I'm not new to numpy, but the solution to this problem has been eluding me for a while now, so I thought that I would ask here.
Given the equation Y = A.T @ X + X @ A
where A and X are square matrices.
construct B such that B @ X.ravel() == Y.ravel()
The problem is just one small part of a bigger code that I am trying to implement so I wrote a minimal reproducible example given below.
The challenge that I pose to you is to fill out the function "create_B" in a way such that the assertion does not raise an error.

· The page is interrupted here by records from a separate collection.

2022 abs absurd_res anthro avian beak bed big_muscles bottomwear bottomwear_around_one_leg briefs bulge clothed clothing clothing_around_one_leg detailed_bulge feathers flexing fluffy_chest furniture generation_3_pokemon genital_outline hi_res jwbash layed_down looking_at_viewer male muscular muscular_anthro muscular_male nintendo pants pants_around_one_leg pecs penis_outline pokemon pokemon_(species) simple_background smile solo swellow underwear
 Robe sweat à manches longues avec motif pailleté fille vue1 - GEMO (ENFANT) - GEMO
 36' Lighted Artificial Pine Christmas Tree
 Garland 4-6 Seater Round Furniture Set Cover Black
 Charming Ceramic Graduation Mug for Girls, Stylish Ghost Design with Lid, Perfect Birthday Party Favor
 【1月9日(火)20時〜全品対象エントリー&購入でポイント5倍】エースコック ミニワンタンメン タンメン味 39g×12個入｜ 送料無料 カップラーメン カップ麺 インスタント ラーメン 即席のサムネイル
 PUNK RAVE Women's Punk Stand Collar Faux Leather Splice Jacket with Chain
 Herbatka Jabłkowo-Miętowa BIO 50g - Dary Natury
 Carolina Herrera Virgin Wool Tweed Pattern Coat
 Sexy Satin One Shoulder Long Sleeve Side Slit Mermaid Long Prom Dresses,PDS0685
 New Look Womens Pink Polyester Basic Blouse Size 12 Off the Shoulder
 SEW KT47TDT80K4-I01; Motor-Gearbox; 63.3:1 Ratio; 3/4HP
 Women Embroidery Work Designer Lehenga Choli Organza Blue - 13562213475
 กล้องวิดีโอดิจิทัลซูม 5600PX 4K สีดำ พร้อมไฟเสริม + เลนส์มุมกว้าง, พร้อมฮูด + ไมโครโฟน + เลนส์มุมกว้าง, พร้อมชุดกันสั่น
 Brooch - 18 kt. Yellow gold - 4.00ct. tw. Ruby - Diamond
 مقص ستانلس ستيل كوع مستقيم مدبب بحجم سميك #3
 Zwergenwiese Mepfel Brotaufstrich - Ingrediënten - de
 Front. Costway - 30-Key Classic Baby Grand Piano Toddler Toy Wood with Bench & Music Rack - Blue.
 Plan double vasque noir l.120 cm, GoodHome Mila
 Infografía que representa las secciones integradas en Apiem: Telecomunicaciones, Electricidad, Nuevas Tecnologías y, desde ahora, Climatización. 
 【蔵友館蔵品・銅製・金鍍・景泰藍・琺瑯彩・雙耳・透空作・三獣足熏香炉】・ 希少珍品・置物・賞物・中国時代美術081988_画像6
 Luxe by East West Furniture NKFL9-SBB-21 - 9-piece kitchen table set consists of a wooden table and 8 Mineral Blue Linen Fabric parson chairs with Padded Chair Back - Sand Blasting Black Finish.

The list of things that I have attempted myself is far too long to include in this question, and besides I don't feel that trying to include a list of my own failed attempts adds any value to the question.
import numpy as np
def create_B(A):
B = np.zeros((A.size, A.size))
return B
A = np.random.uniform(-1, 1, (100, 100))
X = np.random.uniform(-1, 1, (100, 100))
Y = A.T @ X + X @ A
B = create_B(A)
assert np.allclose(B @ X.ravel(), Y.ravel())
I should probably mention that I can easily get this working using loops, but in reality A is very big and I need to do this many times so I need an optimized solution (ie. no python loops).
Basically I am looking for a solution of the form:
def create_B(A):
B = np.zeros((A.size, A.size))
B[indices1] = A
B[indices2] += A
return B
Where the challenge then is to create the index tuples indices1 and indices2.
An example of a solution using loops (not what i'm looking for):
def create_B(A):
B = np.zeros((A.size, A.size))
indices = np.arange(A.size).reshape(A.shape)
for i, k in enumerate(indices):
for j, k in enumerate(k):
B[k, indices[:, j]] = A[:, i]
B[k, indices[i, :]] += A[:, j]
return B
You can confirm for yourself that this is indeed a solution.